This term, toxic masculinity, sounds like you're saying masculinity is toxic. And I think that this is a bigger problem in social justice land. A lot of the language that is used to communicate sounds kind of shamey. Personally, I don't care if we call it--

Kelefa Sanneh

Here's the thing about words you can't say. You can say them, if you want. It's just that there are consequences-- consequences you might not be able to predict. Like, Laci said feminist, and that set off a chain of events that ended with her dating an anti-feminist and leaving some of her feminist allies behind.

Ira Glass

Kelefa Sanneh is a staff writer at The New Yorker magazine. Coming up, you shouldn't bring a toy to a gun fight, especially a gun fight in the state legislature. That's in a minute from Chicago Public Radio when our program continues.

Act Two: Trigger Warning

Ira Glass

It's This American Life, I'm Ira Glass. Today's program, "Words You Can't Say." Stories of people saying the wrong thing and accidentally picking a fight with the very people they thought they agreed with. We've arrived at Act 2 of our program, "Trigger Warning." So in this story, a politician uses a word that she loves-- a word her constituents love, in fact, and it backfires. Dana Chivvis tells what happened.

Dana Chivvis

Dodie Horton is in her first term as a state representative in Louisiana, and last year, she made kind of a rookie mistake. She's a Republican who describes herself this way.

Dodie Horton

I'm just a regular Joe representing regular people like me.

Dana Chivvis

Dodie's version of regular Joe is pretty far to the right. She's pro-life, pro-gun, voted for a bill to prohibit the removal of Confederate statues in Louisiana. She supports a travel ban, still thinks Barack Obama was born in Kenya, and after Donald Trump was elected President, she felt like--

Dodie Horton

America's-- it's rejuvenated again. I saw that in my own district. I see that when I go to the capitol. The excitement of being an American again, he has brought. God had mercy on us. He had mercy on our country because we were headed straight into socialism.

Dana Chivvis

But last spring, something happened that she never expected-- she got beat up for not being conservative enough. It all started at a school in Bossier Parish. They call counties parishes in Louisiana. Bossier Parish is the area that Dodie represents, and back in March, 2016, a high school student was caught with a handgun at a school there.

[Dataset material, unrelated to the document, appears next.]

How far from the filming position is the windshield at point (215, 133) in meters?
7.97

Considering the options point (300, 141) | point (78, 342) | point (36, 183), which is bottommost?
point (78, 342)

No one was shot, but word went around there were other guns at the school. The Sheriff's department, the local police department, and the fire department all showed up. They put the school on lock down, brought in gun sniffing dogs, and searched some of the students. They even flew a drone over the roof to see if anyone had tossed a gun up there, and they did find another gun in a trash can.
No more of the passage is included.